LED TV is a type of LCD television that uses light-emitting diodes (LEDs) to backlight the display instead of the cold cathode fluorescent lights (CCFLs) used in standard LCD televisions. LED TVs are more formally known as LED-backlight LCD television.
An LED is a semiconductor device that emits visible light when an electric current passes through it. The light is not particularly bright, but in most LEDs it is monochromatic, occurring at a single wavelength. In comparison with fluorescent lights, LEDs have significantly lower power requirements and convert power to light more efficiently so that less is lost as heat and focus it more precisely so that there is less light leakage, which can cause fuzziness. An LED also lasts much longer than most other lighting technologies.
There are three different LED technologies used. The most commonly used of the three is edge-lit LED, in which white LEDs are situated around the edge of the screen and a diffusion panel employed to illuminate the display evenly.
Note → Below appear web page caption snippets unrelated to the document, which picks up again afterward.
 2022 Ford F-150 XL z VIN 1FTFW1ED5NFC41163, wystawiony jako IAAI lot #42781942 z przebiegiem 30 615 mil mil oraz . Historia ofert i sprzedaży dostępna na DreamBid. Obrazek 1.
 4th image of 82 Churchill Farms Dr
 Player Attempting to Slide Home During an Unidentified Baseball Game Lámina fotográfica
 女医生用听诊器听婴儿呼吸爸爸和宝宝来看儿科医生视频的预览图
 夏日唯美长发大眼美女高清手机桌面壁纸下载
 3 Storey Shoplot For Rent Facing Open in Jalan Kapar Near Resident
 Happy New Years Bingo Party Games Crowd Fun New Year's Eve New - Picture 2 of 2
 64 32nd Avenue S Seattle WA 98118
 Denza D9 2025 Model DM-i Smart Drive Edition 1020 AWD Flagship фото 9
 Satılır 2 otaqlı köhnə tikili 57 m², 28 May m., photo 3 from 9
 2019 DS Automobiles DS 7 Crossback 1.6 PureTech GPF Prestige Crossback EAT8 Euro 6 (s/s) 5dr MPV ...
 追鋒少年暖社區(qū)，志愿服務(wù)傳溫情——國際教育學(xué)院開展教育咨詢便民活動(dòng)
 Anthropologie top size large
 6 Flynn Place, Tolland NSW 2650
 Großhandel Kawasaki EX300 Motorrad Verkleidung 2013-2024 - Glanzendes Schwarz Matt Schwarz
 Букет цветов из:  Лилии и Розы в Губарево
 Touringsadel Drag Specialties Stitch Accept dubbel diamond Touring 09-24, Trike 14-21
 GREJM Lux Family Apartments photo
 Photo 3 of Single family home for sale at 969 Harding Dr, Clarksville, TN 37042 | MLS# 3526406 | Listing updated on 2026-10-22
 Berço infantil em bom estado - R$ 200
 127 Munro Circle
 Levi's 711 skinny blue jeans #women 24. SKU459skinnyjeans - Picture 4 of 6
Edge-lit LED displays can be very thin. Another type is dynamic RGB LED, which are placed behind the panel. RGB LEDs make it possible to target areas for dimming more precisely, which in turn leads to truer reproduction of blacks and whites. In the third type of display, full-array LED, LEDs are positioned behind the panel similarly to the way they are with RGB LED displays but there is no capacity for localized dimming.
Quantum dot-based LED displays, in the research stage, are expected to enable LED TVs that will rival plasma for picture quality, and possibly even OLED.
Vendors of LED TVs include Kogan, LG, Panasonic, Philips, ProScan, Samsung, Toshiba and Vizio.
Pros: Use less power and produce less heat than plasma or other LCD TVs. RGB LED: Brighter, sharper display and better contrast ratio than other LCD TVs. Edge-lit LED: Thinner format.
Cons: More expensive than plasma or other LCD TVs.